What the exercise asks ->
When "para" occurs in a line of the material, copy that line.

Supplied entries ->
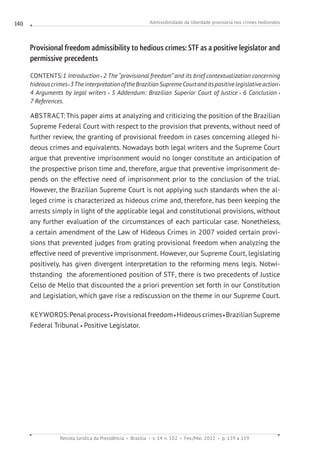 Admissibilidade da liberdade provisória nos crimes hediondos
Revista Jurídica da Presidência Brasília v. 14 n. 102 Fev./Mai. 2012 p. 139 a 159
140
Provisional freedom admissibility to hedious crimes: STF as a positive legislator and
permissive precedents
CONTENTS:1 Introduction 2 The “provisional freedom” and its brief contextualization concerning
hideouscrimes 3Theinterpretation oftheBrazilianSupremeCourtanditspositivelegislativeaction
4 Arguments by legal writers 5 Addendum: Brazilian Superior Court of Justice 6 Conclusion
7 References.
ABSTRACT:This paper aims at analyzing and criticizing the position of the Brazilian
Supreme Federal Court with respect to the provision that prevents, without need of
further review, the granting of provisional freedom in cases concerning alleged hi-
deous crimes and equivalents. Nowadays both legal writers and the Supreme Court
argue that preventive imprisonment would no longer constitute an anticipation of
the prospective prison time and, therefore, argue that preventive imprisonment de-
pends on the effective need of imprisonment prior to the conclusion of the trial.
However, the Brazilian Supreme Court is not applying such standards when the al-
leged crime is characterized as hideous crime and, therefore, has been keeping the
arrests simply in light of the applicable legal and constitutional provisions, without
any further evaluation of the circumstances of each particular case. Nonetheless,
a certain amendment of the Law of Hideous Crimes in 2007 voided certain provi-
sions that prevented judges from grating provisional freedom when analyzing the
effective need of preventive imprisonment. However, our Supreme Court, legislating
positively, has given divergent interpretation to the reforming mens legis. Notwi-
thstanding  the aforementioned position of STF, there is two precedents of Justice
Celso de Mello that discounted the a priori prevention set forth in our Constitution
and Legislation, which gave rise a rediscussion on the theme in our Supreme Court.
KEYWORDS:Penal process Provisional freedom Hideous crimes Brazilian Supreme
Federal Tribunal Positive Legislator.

* * *

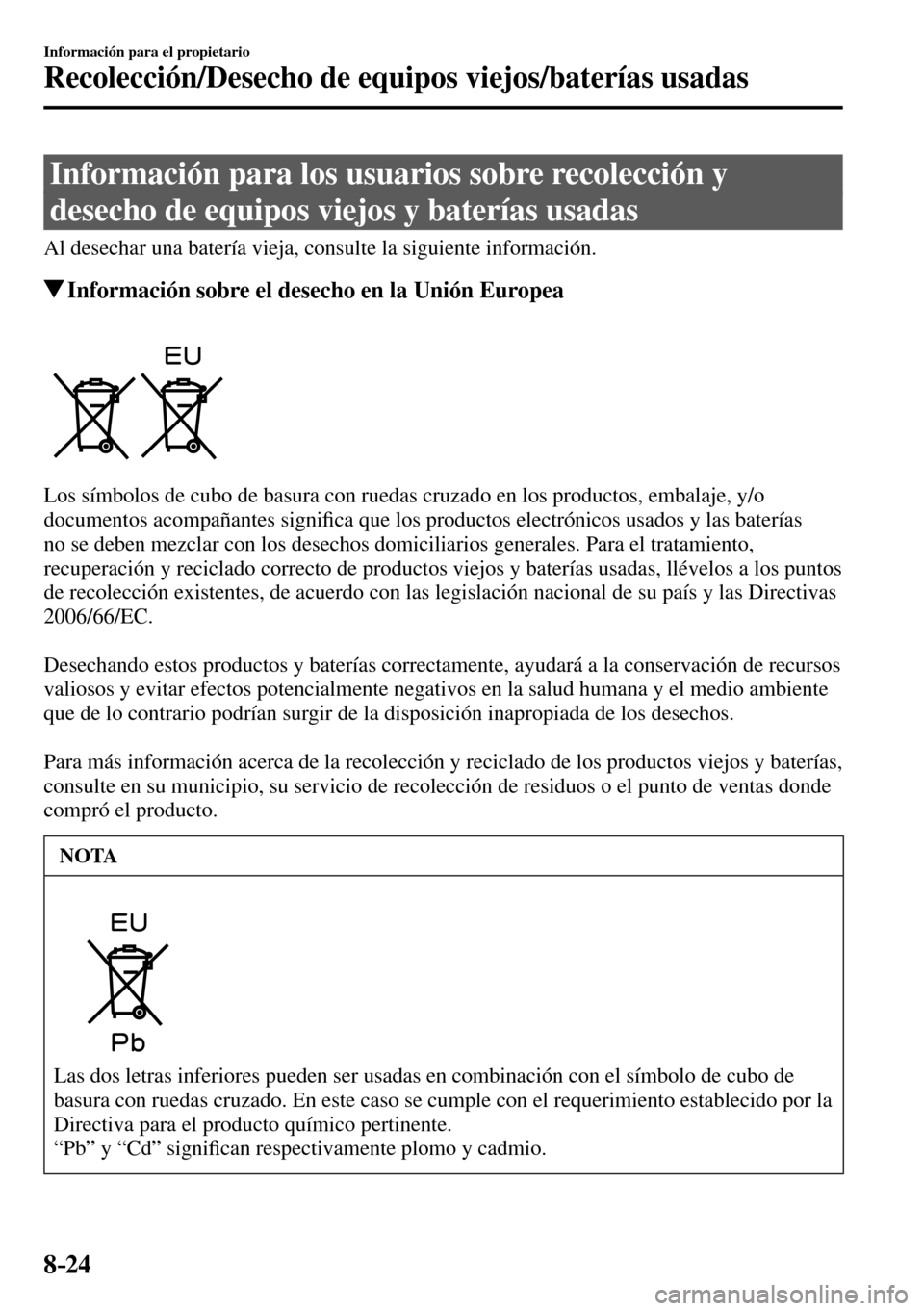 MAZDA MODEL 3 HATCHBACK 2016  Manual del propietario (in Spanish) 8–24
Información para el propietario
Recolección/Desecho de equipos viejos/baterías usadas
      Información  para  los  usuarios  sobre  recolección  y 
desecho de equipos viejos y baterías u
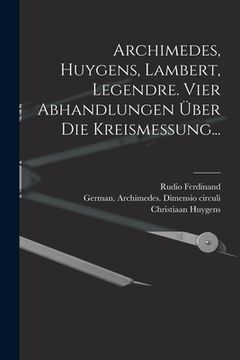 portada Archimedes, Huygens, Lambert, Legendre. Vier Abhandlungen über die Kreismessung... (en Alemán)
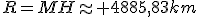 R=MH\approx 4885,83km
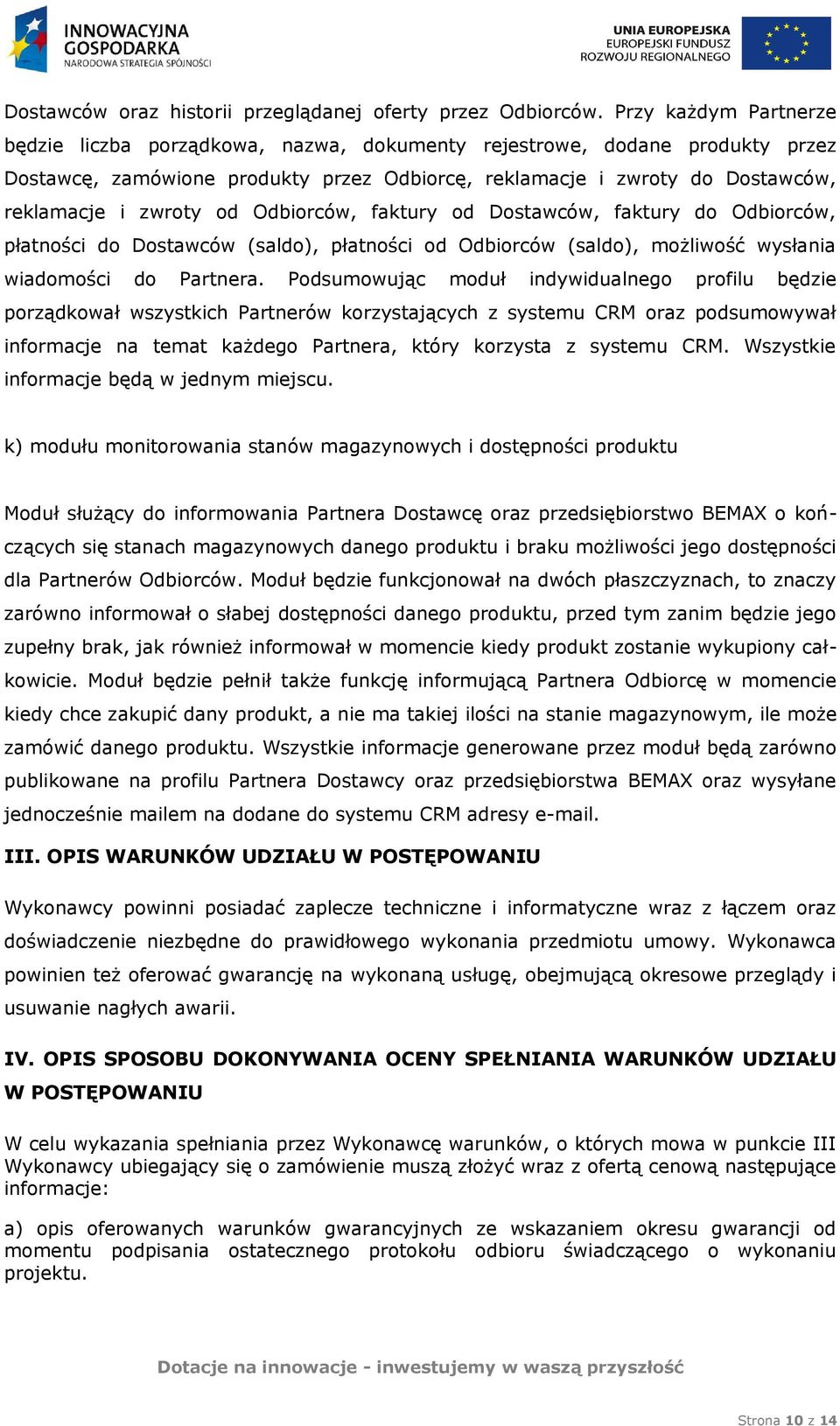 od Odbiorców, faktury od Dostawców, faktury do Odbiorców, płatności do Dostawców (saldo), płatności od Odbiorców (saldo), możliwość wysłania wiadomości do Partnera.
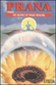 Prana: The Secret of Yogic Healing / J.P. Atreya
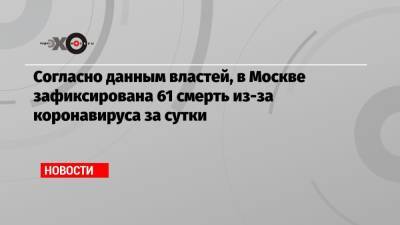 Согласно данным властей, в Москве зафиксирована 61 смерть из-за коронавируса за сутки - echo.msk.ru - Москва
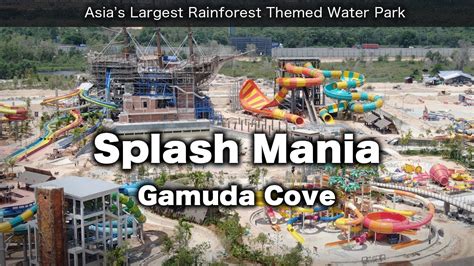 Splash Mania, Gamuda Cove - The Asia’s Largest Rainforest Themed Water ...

---

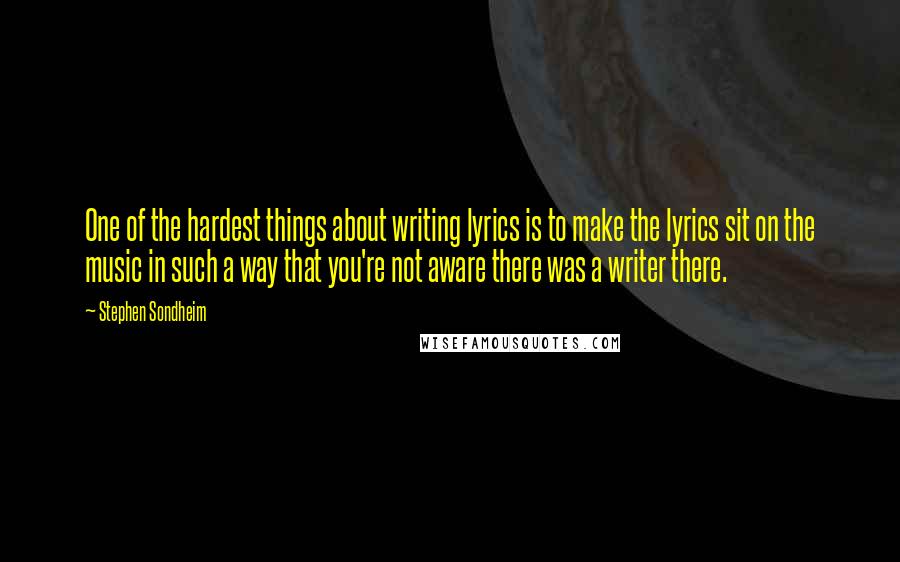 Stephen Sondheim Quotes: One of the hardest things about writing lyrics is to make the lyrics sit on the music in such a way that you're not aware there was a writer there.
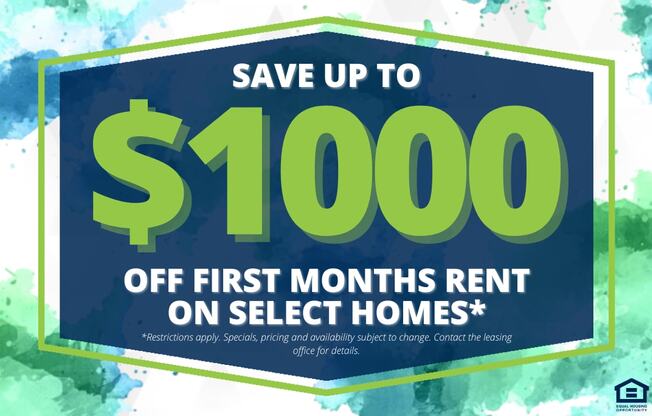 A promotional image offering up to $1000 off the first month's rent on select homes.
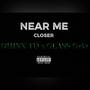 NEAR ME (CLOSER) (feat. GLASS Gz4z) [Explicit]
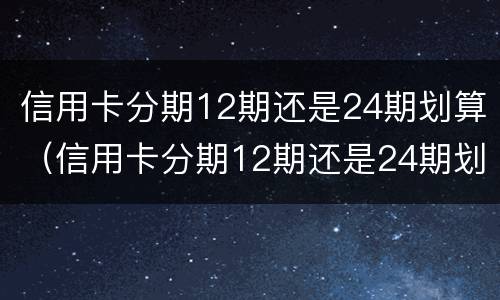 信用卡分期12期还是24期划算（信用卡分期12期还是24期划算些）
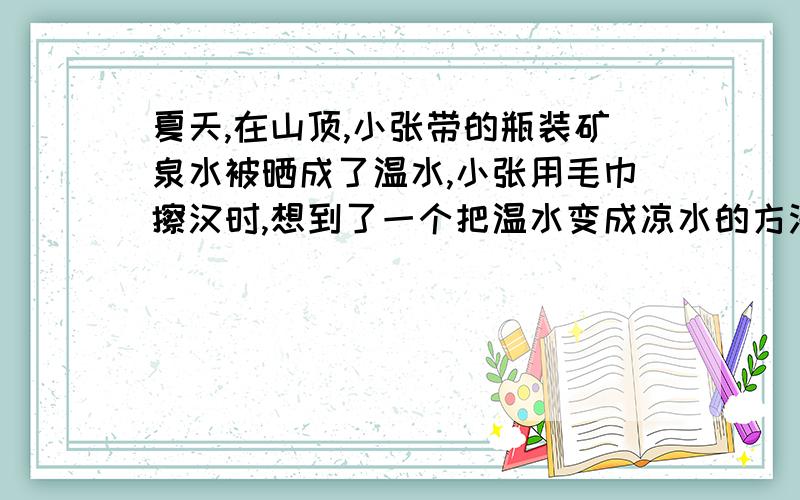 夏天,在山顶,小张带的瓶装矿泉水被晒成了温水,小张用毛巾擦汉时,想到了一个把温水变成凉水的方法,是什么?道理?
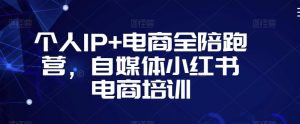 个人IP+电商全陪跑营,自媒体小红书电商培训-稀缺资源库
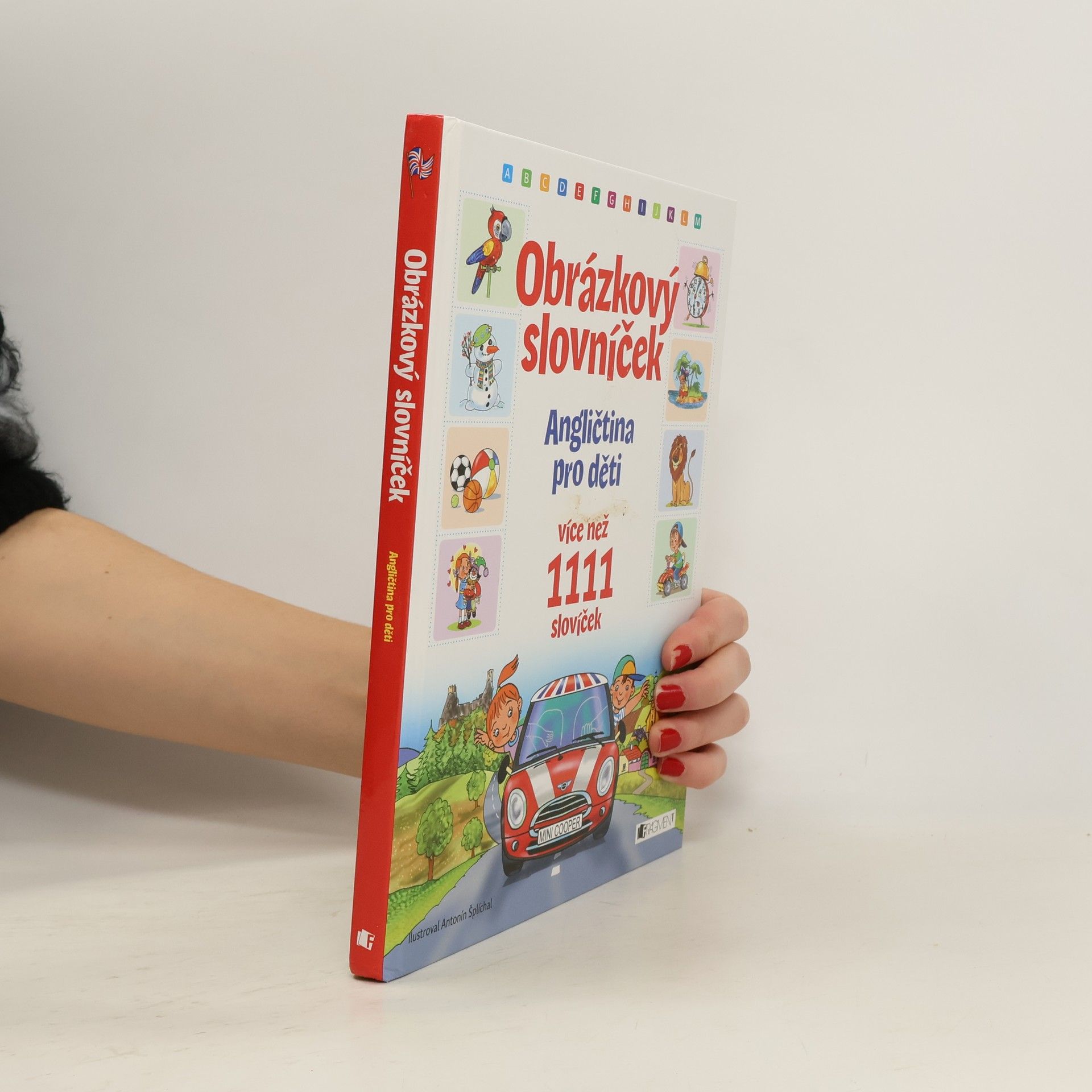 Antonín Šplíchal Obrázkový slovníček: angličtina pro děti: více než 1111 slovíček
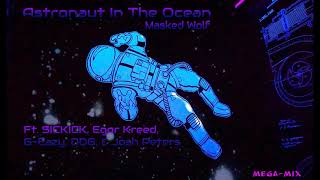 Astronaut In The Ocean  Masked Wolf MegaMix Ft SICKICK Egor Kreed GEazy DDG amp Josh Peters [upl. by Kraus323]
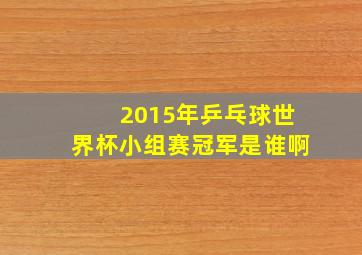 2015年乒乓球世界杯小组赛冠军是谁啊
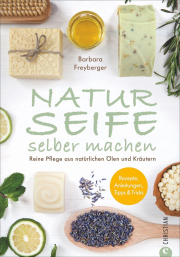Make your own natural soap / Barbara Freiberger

Written response ->
Información para el propietario
      Información  para  los  usuarios  sobre  recolección  y 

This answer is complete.